TASK DESCRIPTION.
Reproduce word for word every line from the one containing "2 Port HDMI" through the end of the listing below; omit the pictures.

⁂

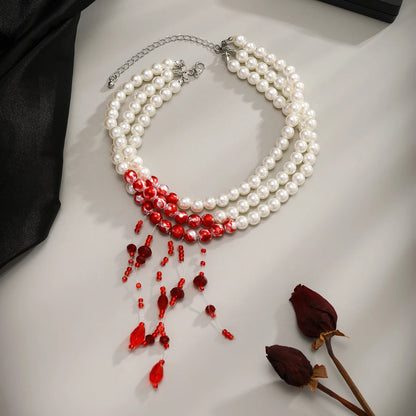 Vintage Gothic Blood Pattern Layered Necklace – Pearl &amp; Crystal Tassel Pendant 🩸🖤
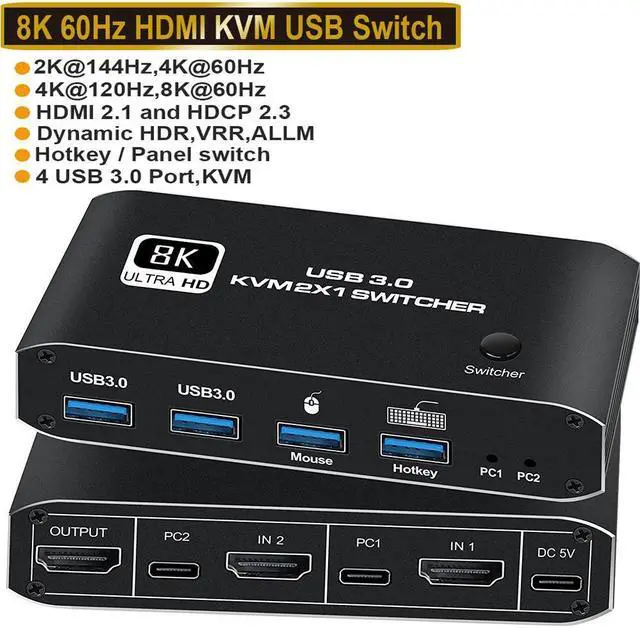 2 Port HDMI KVM Switch 2 in 1 Out 8K USB 3.0 KVM Switch 2x1 HDMI2.1 Ports + 4x USB3.0 KVM Ports Share 2 Computers one Monitor Switch Supports 8K 60Hz 4K 120Hz YUV 4:4:4 HDCP 2.3 H-D-R 10 Hotkey
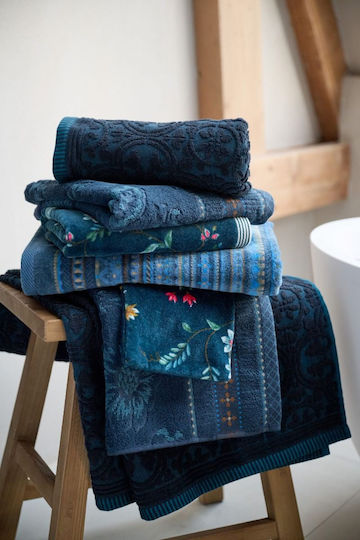 PiP Studio Πετσέτα Προσώπου Jasmin Jacquard 55x100εκ. Σκούρο Μπλέ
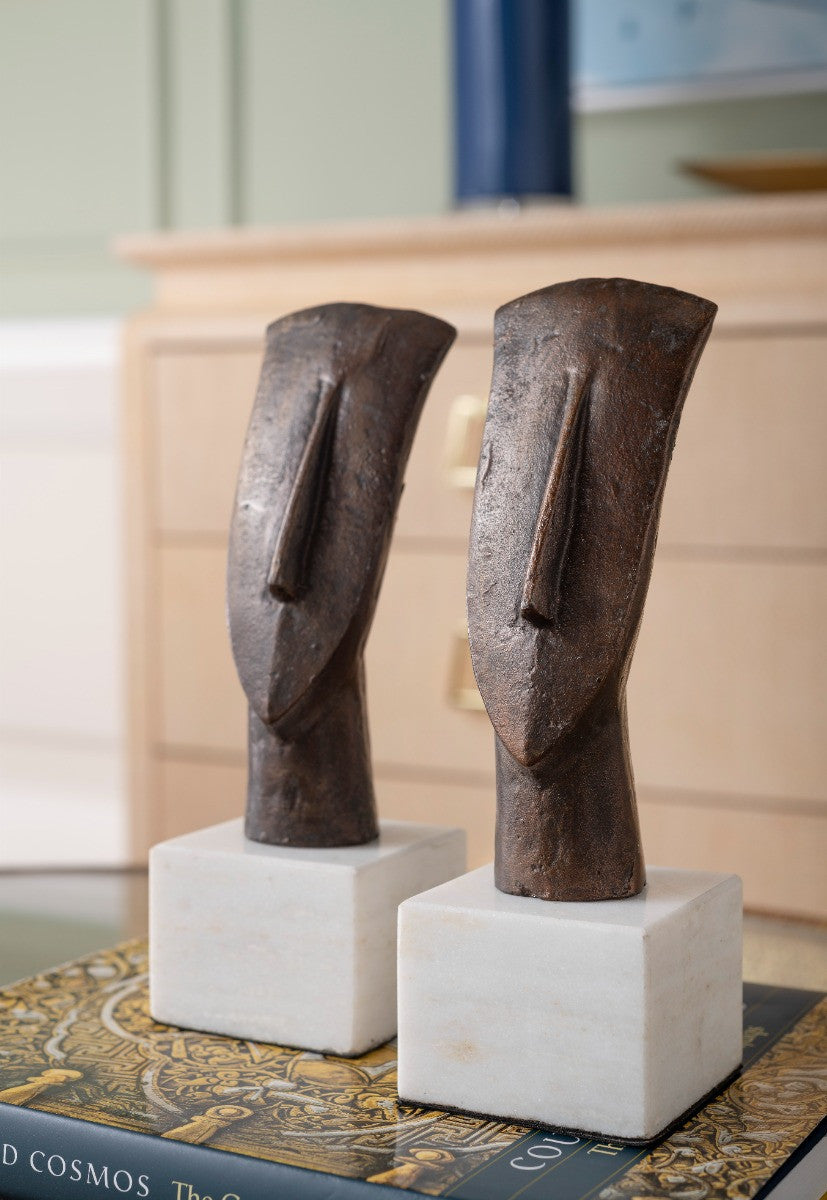 Villa & House Delos Head Statue (Pair), Bronze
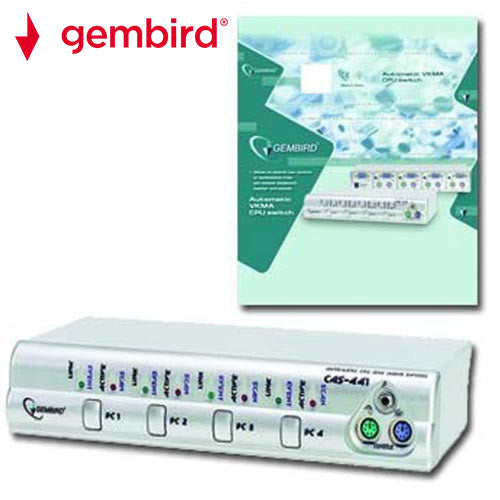 Gembird Automatic Cpu And Audio Switch 4 Pcs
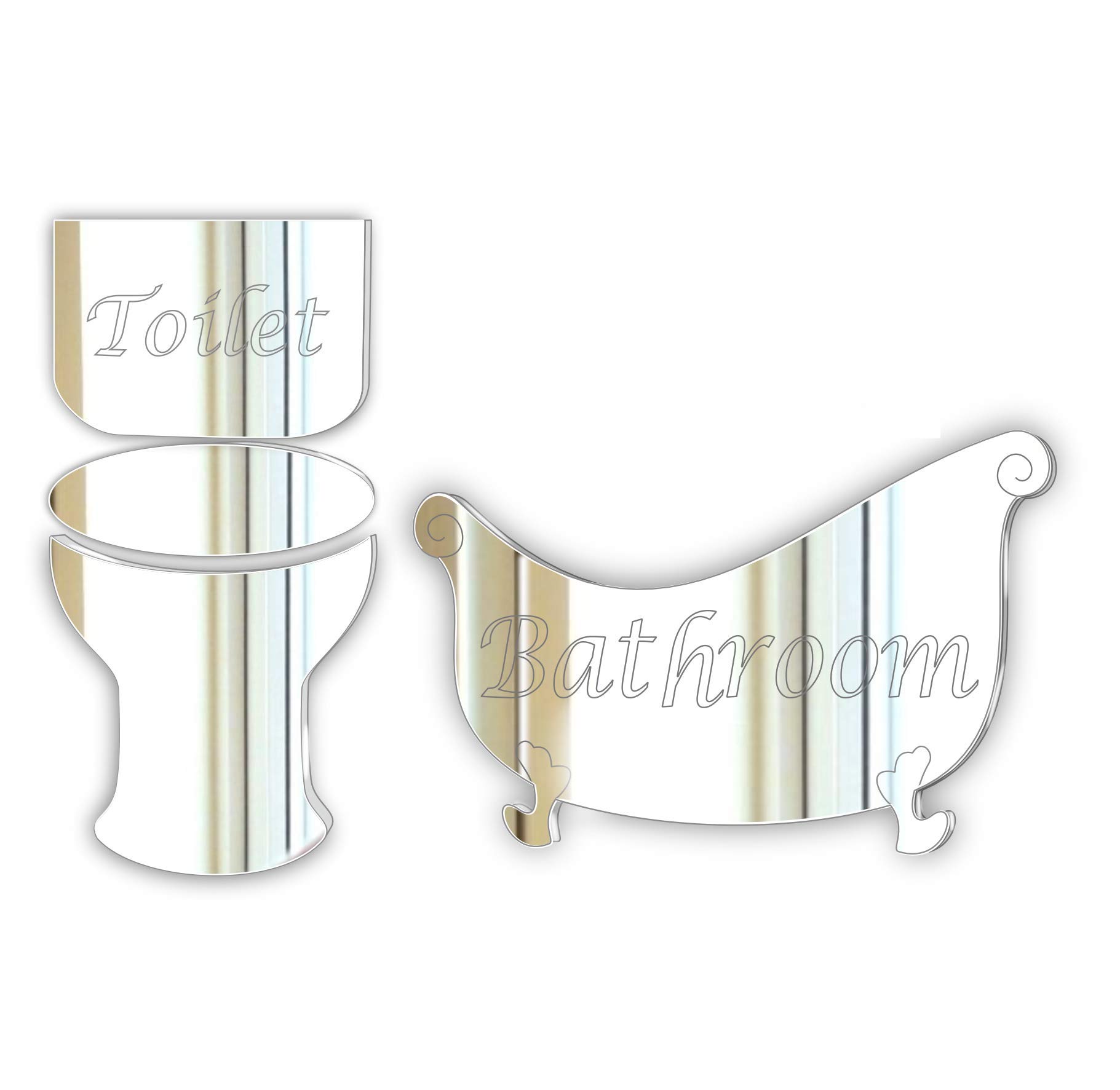 Mirrors-Interiors DOOR PLAQUE- Etched Bathroom & Etched Toilet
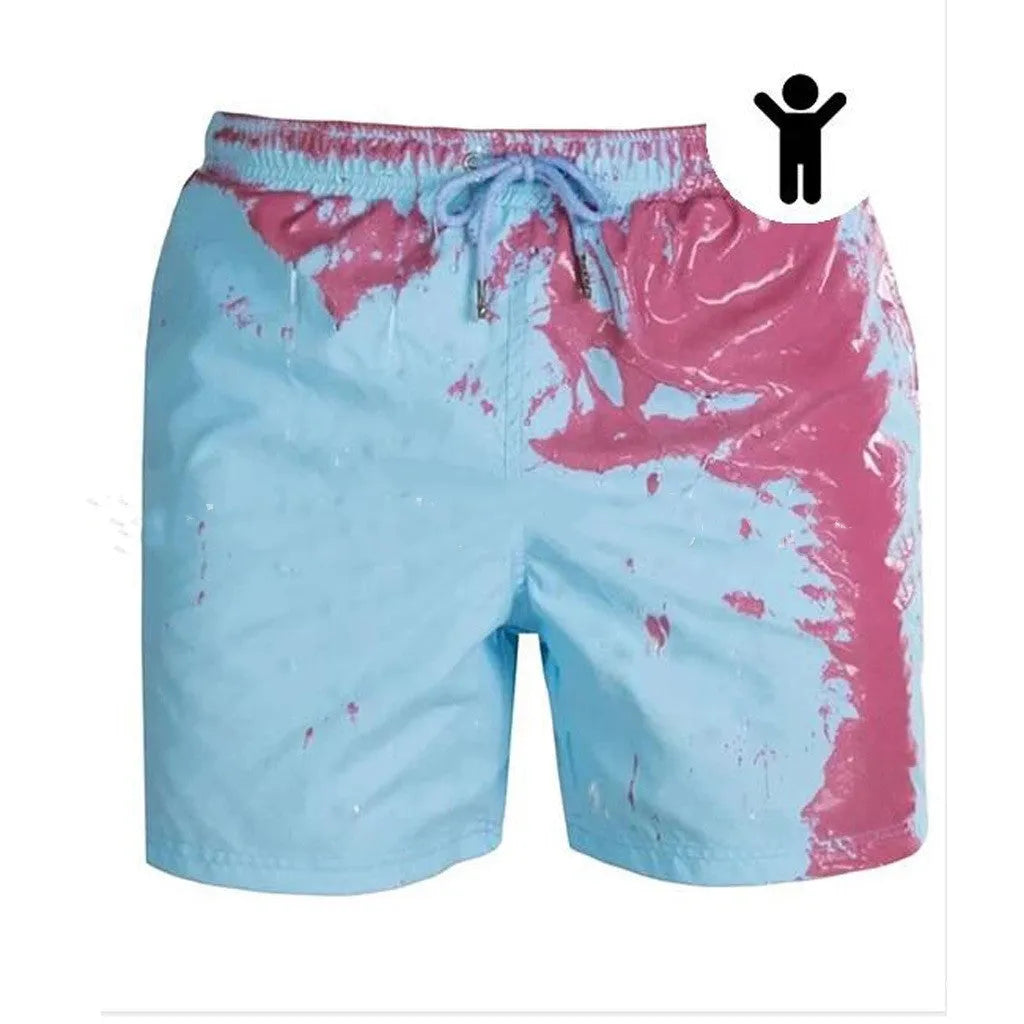 Magical colour-changing beach shorts for men in blue, with drawstring waist and quick-dry polyester fabric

⁂

RESPONSE.
 2 Port HDMI KVM Switch 2 in 1 Out 8K USB 3.0 KVM Switch 2x1 HDMI2.1 Ports + 4x USB3.0 KVM Ports Share 2 Computers one Monitor Switch Supports 8K 60Hz 4K 120Hz YUV 4:4:4 HDCP 2.3 H-D-R 10 Hotkey
 PiP Studio Πετσέτα Προσώπου Jasmin Jacquard 55x100εκ. Σκούρο Μπλέ
 Villa & House Delos Head Statue (Pair), Bronze
 Gembird Automatic Cpu And Audio Switch 4 Pcs
 Mirrors-Interiors DOOR PLAQUE- Etched Bathroom & Etched Toilet
 Magical colour-changing beach shorts for men in blue, with drawstring waist and quick-dry polyester fabric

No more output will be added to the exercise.